それどころか、いま現在が低金利であるということは、次のことを意味します。つまり、将来の〔財政〕状態の負担 weight ――それはデフレ脱却に掛かっているわけですが――というのは、現在の予算とくらべてずっと高いものになるということです。

私に言わせていただけますなら、いまは財政バランスを心配すべきときではないのです。(中略)


(クルーグマン教授) 第二次世界大戦ということをマクロ経済学的な視点からみるならば、そのもっとも重要な点は、それが非常に大きな財政刺激策 fiscal stimulus であったということです。それが戦争であったという事実は非常に不幸なことであるのですけれども。しかし単純に言って、その戦争は財政刺激策となったし、他の方法ではそうならなかったということなのです。

それどころか、1930年代に起きたのはこういうことだったのです。つまり、ニューディール政策において、ルーズベルト大統領は財政刺激策を1937年に引っ込めます。なぜかというと、現在とおなじく、予算をバランスさせよという声が多数だったからです。それは恐ろしい過ちでした。不況の大きな第二波を引き起こしたのです。

言うまでもなく、我々が求めているのは、戦争ではなしにそのようなことを達成するということです。

日本の民間部門における賃金を上げさせるためのインセンティブとして、これまでなされてきたであろう道徳的な呼びかけ以上の手段を用いようという話が、盛んになされてきました。私は、なにが有効なのかという制度設計上の詳細についての知識はないものの、そうした手段を試みることには確かに賛同するものであります。それは一つ起こりうることであります。

〔しかし、〕そうした手段を別にしますと、企業の収益と企業の投資とのあいだの結びつきというものは、これまでもつねに弱いものでした。生産能力を拡大すべき理由を見出さないかぎりは企業はそうしないのですから、「高収益な企業は投資をすべきであると期待してもいい」ということは、今までもなかったのであります。

そしていま起きているのは、彼らがデフレマインドを持っているということです。
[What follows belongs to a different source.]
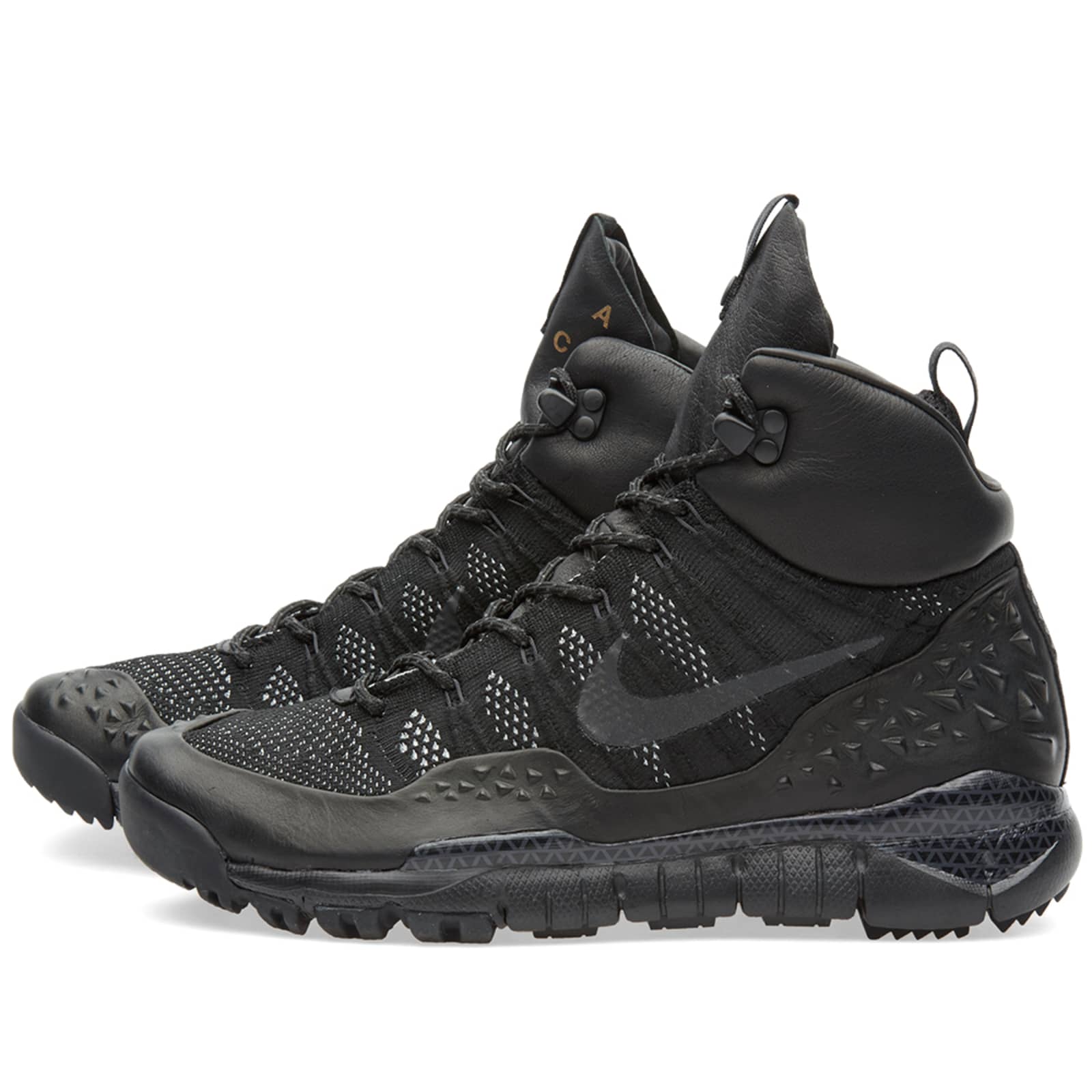 nikelab acg lupinek flyknit low sfb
日本の成長は弱いだろうと、彼らは考えているのです。賃金の振る舞いを見れば明らかなことですが、彼ら〔企業〕は、日本が非常に低い〔低インフレ、または〕、マイナスのインフレ〔つまりデフレ〕へと逆戻りするであろうと予測している――あるいは少なくともそういう恐れを抱いている――のです。

脱却するための衝撃 a shock to break that ということが、今もなお必要なのです。脱出速度 escaping velocity です。 「やり過ぎるくらいやる archieving enough ことによって脱出速度を得る」ということで私が言いたかったことの一部がこれなのです。ロケットが地上に逆戻りしないための十分な速さという意味での脱出速度です。(中略)


(私のコメント)

日本政府が財政を拡大させることが出来るのは、日本国債を買う人が居るからであり、日本のバカな経済学者がいくら「日本国債が大暴落する」と騒いでも状況は変わらない。たとえ日本国債が大暴落して金利が急騰したり、償還が来た国債は1万円札を刷りまくって支払うことが出来る。

円建て国債が外人によって売り叩かれても、政府日銀は1万円札の束を渡すだけでいい。同時に円も暴落しますが大幅な円安になれば、世界中に日本製の製品が溢れて中国や韓国が破産するだけだ。1ドルが1000円になってトヨタカローラ1台輸出すれば1000万円の売り上げになればトヨタ自動車は大儲けだ。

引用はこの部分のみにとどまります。